The International Olympic Committee has never banned an international governing body from running a sport in its 129-year history. Yet that is expected to change on Thursday when an extraordinary session votes to withdraw the IOC’s recognition of the International Boxing Association over its failure to address governance, finance and corruption concerns.
The decision is regarded as a formality given that the IOC’s executive board recommended that the IBA, which is run by the Russian Umar Kremlev, be kicked out two weeks ago.
Yet while boxing is not yet on the programme for the 2028 Los Angeles Games, the Guardian understands that it will be reinstated and that the IOC is firmly behind the decision because of the sport’s social value.
Meanwhile any hopes that the IBA might be given a late reprieve were surely ended last week when Kremlev accused CK Wu, a former IOC member who led boxing between 2006 and 2017, of being “a criminal who was killing boxing” and said “he should be shot”. The Russian also claimed the IOC president, Thomas Bach, and its sports director, Kit McConnell, had joined forces with Wu to help destroy boxing.
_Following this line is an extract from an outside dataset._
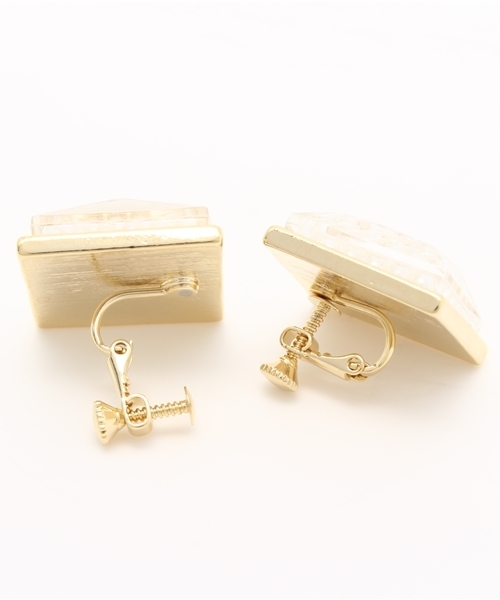 Chico（チコ）の「【who's who Chico】パールサークルイヤリング（イヤリング・レディース・オフホワイト/ホワイト・FREE）」の5枚目の写真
On Tuesday the IOC condemned those comments as “violent and threatening” and said that to attack individuals for doing their jobs was “simply unacceptable”.
The IOC initially withdrew recognition for the IBA – then called AIBA – in June 2019 because of concerns over judging and refereeing, financial stability and governance. It followed a range of allegations of rigged decisions at the Rio 2016 Olympics and financial mismanagement under Wu, who stepped down despite denying the allegations – stories that were both broken by the Guardian.
Two years later the IOC did not involve it in running the boxing events at the 2020 Tokyo Olympics because of continuing concerns over judging and governance issues, which it believes have not gone away.
In an IOC report published this month, the IBA was also criticised for trying to get experts it had appointed to oversee its processes, including Ernst & Young and PricewaterhouseCoopers International, to sign binding non-disclosure agreements which would have made it impossible for any information to be shared.
The IOC report also claimed there was a noticeable change in behaviour by the IBA following its congress in Abu Dhabi last December. “What were obviously initially obvious excuses to be uncooperative became open intimidation towards the IOC if it continued with the organisation of the boxing tournament at the Olympic Games Paris 2024 without the IBA’s support,” the report said.
However the IBA has claimed that any decision to exclude it is “truly abhorrent and purely political”.
On Wednesday it also published a letter to IOC members from the former world champion Roy Jones Jr, urging them to reconsider. “Despite the criticism the IBA has faced, it is hard to believe that their visible progress has gone completely unnoticed,” he wrote. “This attempt to demean boxing appears to be a poorly orchestrated political game with no ultimate winner.”